Industrial: como usar home equity para expansão de negócio

Dono de indústria descobre como expandir produção sem comprometer fluxo de caixa: home equity resolve o gap entre banco e factoring com taxa 85% menor

24 de abril de 20266 min de leiturahome equitycasos de usoindustrialexpansao-de-negocio

Resumo: Pra industriais expandindo (nova linha, galpão, maquinário), ticket típico R$ 400k–1,2M. Economia esperada vs capital de giro tradicional: 68% em juros ao longo de 5 anos.
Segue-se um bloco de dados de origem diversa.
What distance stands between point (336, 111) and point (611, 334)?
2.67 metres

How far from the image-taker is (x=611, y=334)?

Imóvel quitado vira alavanca sem mexer no fluxo operacional.

Por Gabrielle Aksenen
Especialista em Home Equity · Cofundadora Solva · 8 anos no mercado

A história que abre tudo

Semana passada um industrial me mandou mensagem no WhatsApp às 22h37. Carlos, 51 anos, metalúrgica de Caxias do Sul, fatura R$ 4,2 milhões/ano. Ele tinha acabado de perder uma licitação de R$ 780 mil porque não conseguia entregar 40% a mais de volume em 90 dias — linha de produção no limite.

A conta era clara: R$ 620 mil pra duas novas injetoras CNC + ampliação do galpão. O problema: banco negou capital de giro (CNPJ com 22 anos, mas margem apertada no último trimestre por causa de insumo importado). Factoring topava, mas a 3,8% ao mês — inviável.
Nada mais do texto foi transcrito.